And this leads us, finally, to consider one more thing about this resolve; and that’s …
3. ITS DESIRED CONSEQUENCE.
In verse 12, Paul wrote, “that you may walk properly toward those who are outside, and that you may lack nothing.” Paul and his ministry team even demonstrated this to the Thessalonian believers by their own example. In 1 Thessalonians 2:9-12, he wrote;
For you remember, brethren, our labor and toil; for laboring night and day, that we might not be a burden to any of you, we preached to you the gospel of God. You are witnesses, and God also, how devoutly and justly and blamelessly we behaved ourselves among you who believe; as you know how we exhorted, and comforted, and charged every one of you, as a father does his own children, that you would walk worthy of God who calls you into His own kingdom and glory (1 Thessalonians 2:9-12).

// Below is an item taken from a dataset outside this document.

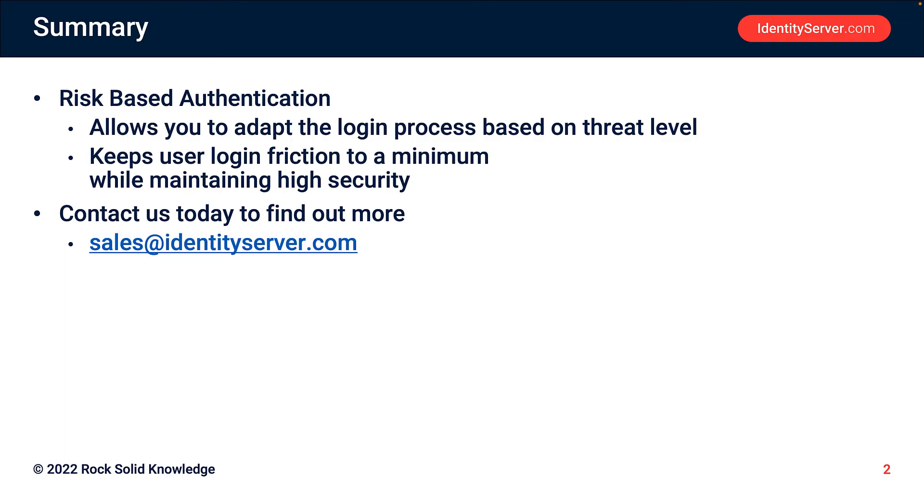To sum up, risk-based authentication allows you to adapt the login process based on the threat level, keeping user friction to a minimum whilst maintaining high security. For more information on how you could use risk-based authentication today in your login process, contact sales at identityserver.com. Thank you for listening.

So, as you can see, dear brothers and sisters in Christ, it’s not wrong to be ambitious. It’s just that we must be ambitious in the right way—with a truly godly resolve to live in such a way as to commend the gospel to the world around us. We must live the kind of transformed lives that show the world that Jesus is truly a wonderful Savior who makes those who trust Him into truly better people.
As we approach this New Year, let’s resolve that we will live in the kind of manner that will best promote the gospel to the unbelieving world.